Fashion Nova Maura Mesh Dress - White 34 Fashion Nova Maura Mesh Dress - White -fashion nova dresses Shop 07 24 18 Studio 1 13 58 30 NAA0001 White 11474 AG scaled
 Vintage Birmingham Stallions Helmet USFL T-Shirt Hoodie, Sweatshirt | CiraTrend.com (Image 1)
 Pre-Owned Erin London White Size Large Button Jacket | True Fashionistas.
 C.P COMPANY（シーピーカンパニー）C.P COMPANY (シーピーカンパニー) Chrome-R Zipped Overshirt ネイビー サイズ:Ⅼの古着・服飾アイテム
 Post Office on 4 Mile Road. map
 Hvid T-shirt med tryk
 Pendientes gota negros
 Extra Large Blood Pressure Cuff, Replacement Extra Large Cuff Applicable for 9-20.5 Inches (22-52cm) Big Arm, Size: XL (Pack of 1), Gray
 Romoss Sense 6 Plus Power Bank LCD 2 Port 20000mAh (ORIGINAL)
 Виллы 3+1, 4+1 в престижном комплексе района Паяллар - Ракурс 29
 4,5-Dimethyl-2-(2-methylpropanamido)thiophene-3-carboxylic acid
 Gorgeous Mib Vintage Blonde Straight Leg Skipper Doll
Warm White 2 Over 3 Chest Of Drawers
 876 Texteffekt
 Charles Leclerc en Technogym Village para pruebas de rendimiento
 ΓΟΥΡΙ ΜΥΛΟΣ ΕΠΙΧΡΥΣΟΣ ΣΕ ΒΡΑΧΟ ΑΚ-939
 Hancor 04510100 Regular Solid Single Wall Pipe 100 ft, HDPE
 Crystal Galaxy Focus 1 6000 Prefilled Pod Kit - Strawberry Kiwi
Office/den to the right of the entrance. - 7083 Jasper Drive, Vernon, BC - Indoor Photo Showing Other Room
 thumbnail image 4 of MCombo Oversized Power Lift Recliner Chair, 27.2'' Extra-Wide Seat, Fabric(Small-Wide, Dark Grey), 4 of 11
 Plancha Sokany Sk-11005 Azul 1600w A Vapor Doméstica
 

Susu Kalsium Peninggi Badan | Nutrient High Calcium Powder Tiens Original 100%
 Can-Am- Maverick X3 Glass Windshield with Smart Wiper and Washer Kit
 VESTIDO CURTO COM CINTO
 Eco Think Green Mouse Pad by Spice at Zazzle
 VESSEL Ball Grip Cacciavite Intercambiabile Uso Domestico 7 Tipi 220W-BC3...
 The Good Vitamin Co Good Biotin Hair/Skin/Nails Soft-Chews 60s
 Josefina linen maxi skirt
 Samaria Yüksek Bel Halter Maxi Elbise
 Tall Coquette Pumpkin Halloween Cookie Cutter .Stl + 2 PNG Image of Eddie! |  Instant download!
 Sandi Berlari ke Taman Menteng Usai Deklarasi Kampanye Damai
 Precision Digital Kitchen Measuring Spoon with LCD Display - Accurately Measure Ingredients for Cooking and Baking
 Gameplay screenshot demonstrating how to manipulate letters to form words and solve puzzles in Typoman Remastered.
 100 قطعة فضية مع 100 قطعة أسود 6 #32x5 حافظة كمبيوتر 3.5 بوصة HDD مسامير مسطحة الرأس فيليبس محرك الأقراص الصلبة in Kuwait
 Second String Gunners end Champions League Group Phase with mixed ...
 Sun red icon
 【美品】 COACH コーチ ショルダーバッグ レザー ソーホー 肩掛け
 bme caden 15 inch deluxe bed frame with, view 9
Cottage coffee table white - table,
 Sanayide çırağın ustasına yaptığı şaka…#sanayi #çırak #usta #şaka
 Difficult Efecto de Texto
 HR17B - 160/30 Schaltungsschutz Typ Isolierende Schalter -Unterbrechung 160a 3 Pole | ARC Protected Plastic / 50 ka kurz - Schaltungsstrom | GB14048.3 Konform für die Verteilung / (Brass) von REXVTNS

### Work to complete
Write out, from the lines above, only those from the line with "Eco Think Green Mouse Pad by Spice at Zazzle" to the line with "Difficult Efecto de Texto", exactly as given, including the first and the last.

### Written answer
 Eco Think Green Mouse Pad by Spice at Zazzle
 VESSEL Ball Grip Cacciavite Intercambiabile Uso Domestico 7 Tipi 220W-BC3...
 The Good Vitamin Co Good Biotin Hair/Skin/Nails Soft-Chews 60s
 Josefina linen maxi skirt
 Samaria Yüksek Bel Halter Maxi Elbise
 Tall Coquette Pumpkin Halloween Cookie Cutter .Stl + 2 PNG Image of Eddie! |  Instant download!
 Sandi Berlari ke Taman Menteng Usai Deklarasi Kampanye Damai
 Precision Digital Kitchen Measuring Spoon with LCD Display - Accurately Measure Ingredients for Cooking and Baking
 Gameplay screenshot demonstrating how to manipulate letters to form words and solve puzzles in Typoman Remastered.
 100 قطعة فضية مع 100 قطعة أسود 6 #32x5 حافظة كمبيوتر 3.5 بوصة HDD مسامير مسطحة الرأس فيليبس محرك الأقراص الصلبة in Kuwait
 Second String Gunners end Champions League Group Phase with mixed ...
 Sun red icon
 【美品】 COACH コーチ ショルダーバッグ レザー ソーホー 肩掛け
 bme caden 15 inch deluxe bed frame with, view 9
Cottage coffee table white - table,
 Sanayide çırağın ustasına yaptığı şaka…#sanayi #çırak #usta #şaka
 Difficult Efecto de Texto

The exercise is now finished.